[THE DATA]
-- Opening Marker --

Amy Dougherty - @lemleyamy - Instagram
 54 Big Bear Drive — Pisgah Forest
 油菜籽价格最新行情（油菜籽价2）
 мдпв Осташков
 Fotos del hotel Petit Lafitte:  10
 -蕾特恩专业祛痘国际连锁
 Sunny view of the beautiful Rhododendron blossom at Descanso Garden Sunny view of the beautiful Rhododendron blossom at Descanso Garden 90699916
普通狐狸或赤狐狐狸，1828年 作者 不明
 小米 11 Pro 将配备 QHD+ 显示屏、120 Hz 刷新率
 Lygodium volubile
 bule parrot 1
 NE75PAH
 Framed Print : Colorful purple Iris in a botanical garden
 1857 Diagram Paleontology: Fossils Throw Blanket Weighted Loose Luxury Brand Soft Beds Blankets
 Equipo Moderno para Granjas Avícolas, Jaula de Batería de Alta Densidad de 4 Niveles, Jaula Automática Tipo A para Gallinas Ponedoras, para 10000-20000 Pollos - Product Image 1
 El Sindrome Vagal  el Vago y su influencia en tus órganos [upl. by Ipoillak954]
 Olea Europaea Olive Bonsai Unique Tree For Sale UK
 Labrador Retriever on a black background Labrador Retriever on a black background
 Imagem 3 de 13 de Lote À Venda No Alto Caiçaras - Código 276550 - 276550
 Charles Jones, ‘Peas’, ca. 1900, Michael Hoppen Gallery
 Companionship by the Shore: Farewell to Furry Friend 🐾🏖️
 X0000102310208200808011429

-- Closing Marker --

[TASK STATEMENT] Beginning with the line that holds "Equipo Moderno para", copy the entries exactly to their last line, and leave out every earlier line.

[THE ANSWER]
 Equipo Moderno para Granjas Avícolas, Jaula de Batería de Alta Densidad de 4 Niveles, Jaula Automática Tipo A para Gallinas Ponedoras, para 10000-20000 Pollos - Product Image 1
 El Sindrome Vagal  el Vago y su influencia en tus órganos [upl. by Ipoillak954]
 Olea Europaea Olive Bonsai Unique Tree For Sale UK
 Labrador Retriever on a black background Labrador Retriever on a black background
 Imagem 3 de 13 de Lote À Venda No Alto Caiçaras - Código 276550 - 276550
 Charles Jones, ‘Peas’, ca. 1900, Michael Hoppen Gallery
 Companionship by the Shore: Farewell to Furry Friend 🐾🏖️
 X0000102310208200808011429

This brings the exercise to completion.